TPG’s gradual entry into agriculture has certainly attracted a lot of speculation over the past three years.
For a time, many expected that the firm’s interest in the space would be expressed through its impact investing Rise Fund series. The first in this lineage was a $2 billion 2017 vintage fund that was followed, in 2019, by a successor targeting $3 billion. From the outset, TPG’s managers had identified ag as one of several sectors in which the debut fund would pursue its impact goals.
Since the start of this year, it has become clear that another unit of the Dallas-headquartered private equity giant – its credit- and special situations-focused affiliate TPG Sixth Street Partners – is pursuing a far more direct play in the ag space.
Agri Investor reported in January that TSSP had raised at least $350 million for an ag-focused strategy. Sources have since confirmed that the TSSP Agricultural Partners Fund will focus on citrus- and water-related dislocation and large-scale organics.
It is important to note that the move comes as Sixth Street is reportedly aiming to formally separate from TPG – and distance itself from the negative connotations associated with the ‘special situations’ moniker, which was part of its name before a 2017 rebranding to Sixth Street.
Among the dislocations Sixth Street’s TAP Fund is understood to be targeting are properties challenged by groundwater regulation in California and citrus-greening in Florida – markets that sources have long told Agri Investor would eventually produce significant opportunities.
In looking to optimize properties whose economics have been altered by a market event such as SGMA and incorporate them into new supply chains, Sixth Street enters ag at a time when financial engineering may prove as important as agronomic acumen.
Sixth Street’s move to drop ‘special situations’ from its name and the gradual change in the wider use of the label in the years since the financial crisis certainly complicate any attempt to draw too direct a line between the TAP Fund’s strategy and a ‘distressed investing’ approach.
Indeed, a source familiar with Sixth Street’s strategy clarified that it is not “necessarily a distressed or special situations strategy, thematically.”
Nevertheless, a second source was keen to point out that the firm is pursuing agriculture from a unique perspective that is hard to imagine is well-suited to a boom, and at a time when the source considers the sector to be suffering at least some distress.

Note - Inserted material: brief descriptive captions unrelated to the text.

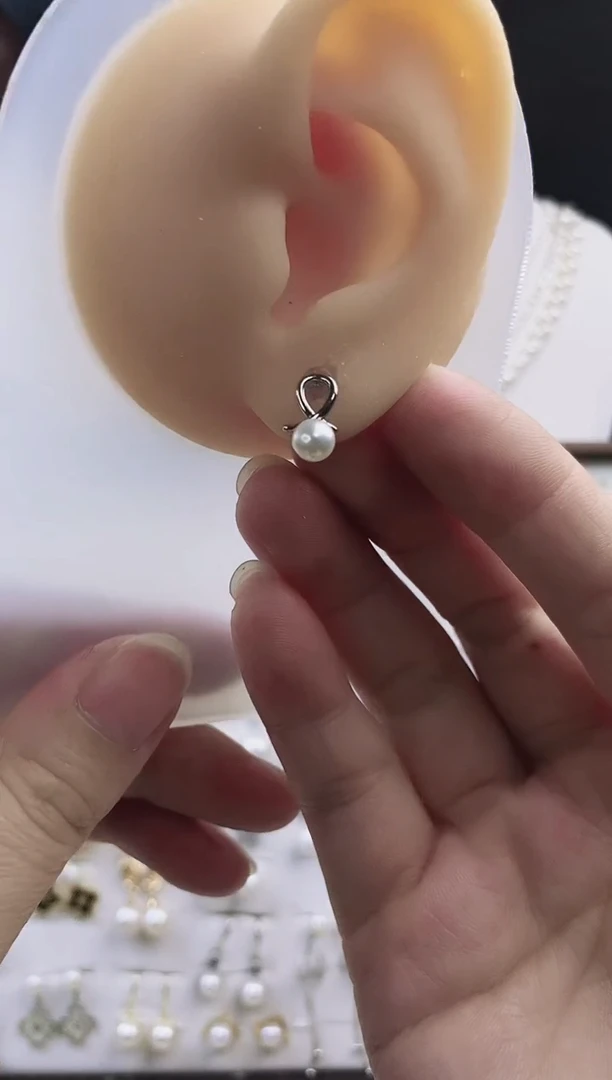合金耳饰淡水珍珠84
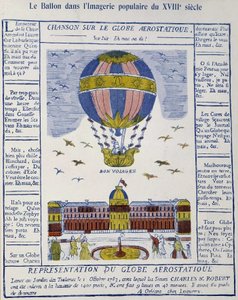 Aerostato: canção no globo aerostático de French School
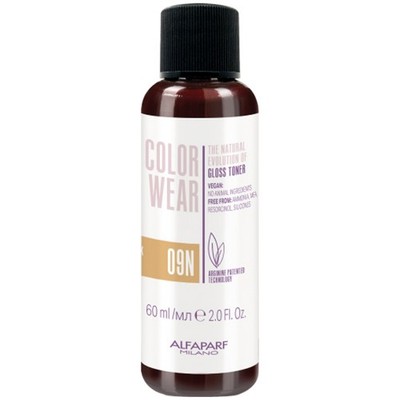 Alfaparf Milano The Natural Evolution Of Gloss Toner Color Wear 09N 2oz 60ml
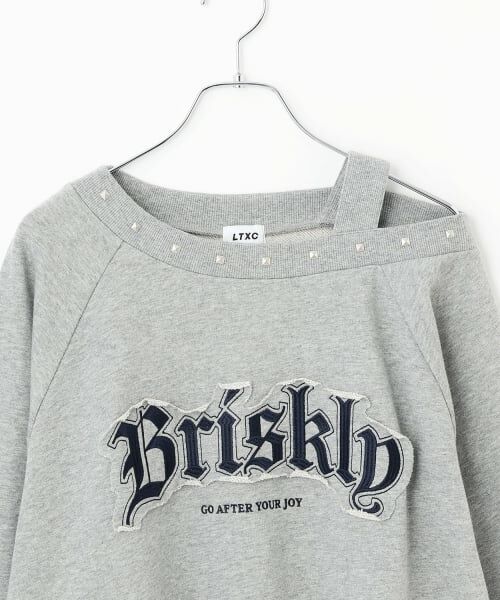 Lovetoxic / ラブトキシック スウェット | 【LTXC/綿100%】ワンショルプルオーバー | 詳細14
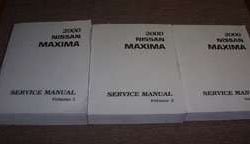 2000 Nissan Maxima Service Manual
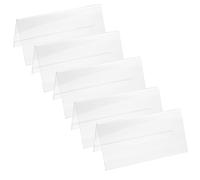 HOODANCOS Desk Name Plate Featuring Smooth Surface Reusable with Rounded Edges Acrylic 5pcs Desk Name Plates and Resistant to Drop and Wear for Market Price Display and Product Sign Display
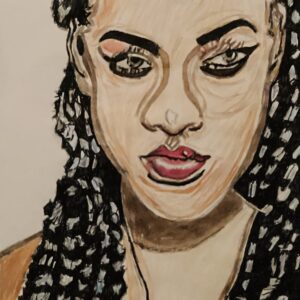 Original Pop Singer Rihanna Special GG - 9” x 12” Colored Pencil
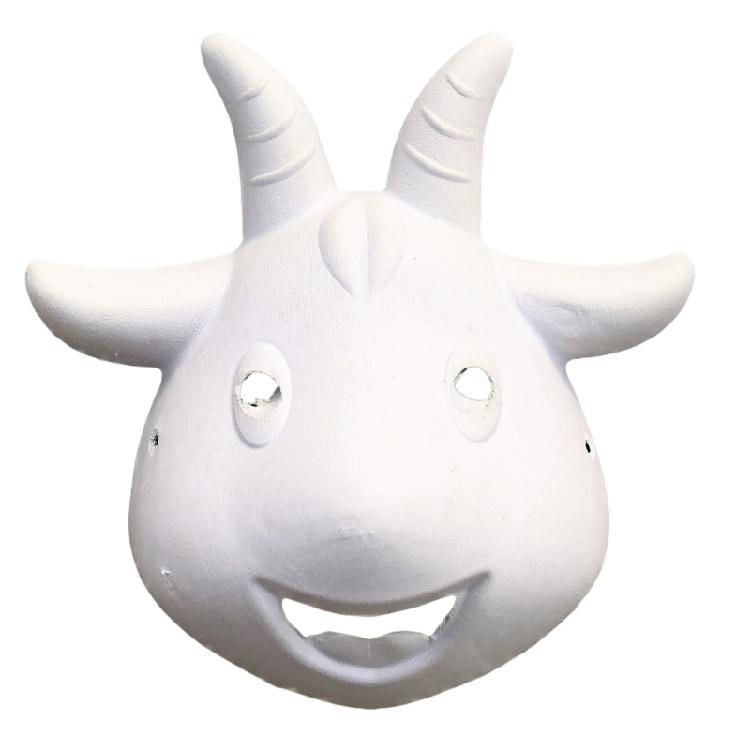 White DIY Blank Paintable Mask Blank Costume Mask DIY Full Face Mask Paintable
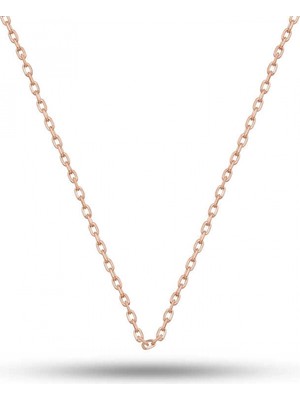 Pileli Store Gümüş Rose 0.30 Mikron 45 cm Forse Kadın Zincir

“Lenders are willing to write off 10, 20, 30 percent of par just to pay off debt,” said the second source, who has visibility across a wide swath of agricultural investing markets. “That is going to bring a lot of opportunistic players into the market that have never seen a corn field in their life.”

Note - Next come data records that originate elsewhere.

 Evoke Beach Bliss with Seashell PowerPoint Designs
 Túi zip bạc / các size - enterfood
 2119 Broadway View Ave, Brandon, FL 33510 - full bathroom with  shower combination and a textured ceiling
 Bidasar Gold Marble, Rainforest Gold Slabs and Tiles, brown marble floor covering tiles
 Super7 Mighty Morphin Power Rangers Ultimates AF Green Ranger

The first source Agri Investor spoke to also suggested that Sixth Street’s pitch to investors has focused as much on its cost-of-capital advantages as it has on its teams’ agricultural expertise.
By partnering with ag-focused asset manager SLM Partners and farm management consultancy Midwestern BioAG (among others) to scale and manage organic production, Sixth Street has signaled its intention to marry its own broader view of key markets and trends with established agricultural investing expertise.
A combination of market factors have conspired to create a widespread impression, held for several years now, that sooner or later the small group of private equity firms exclusively devoted to ag will see increased competition from their larger, more generalist peers.
Sixth Street’s fund is just one more indication that those expectations may be correct.
It will be intriguing to see how many deals the TAP Fund strikes under the ‘dislocated investments’ banner, compared with the number that are more forward-looking responses to consumer trends.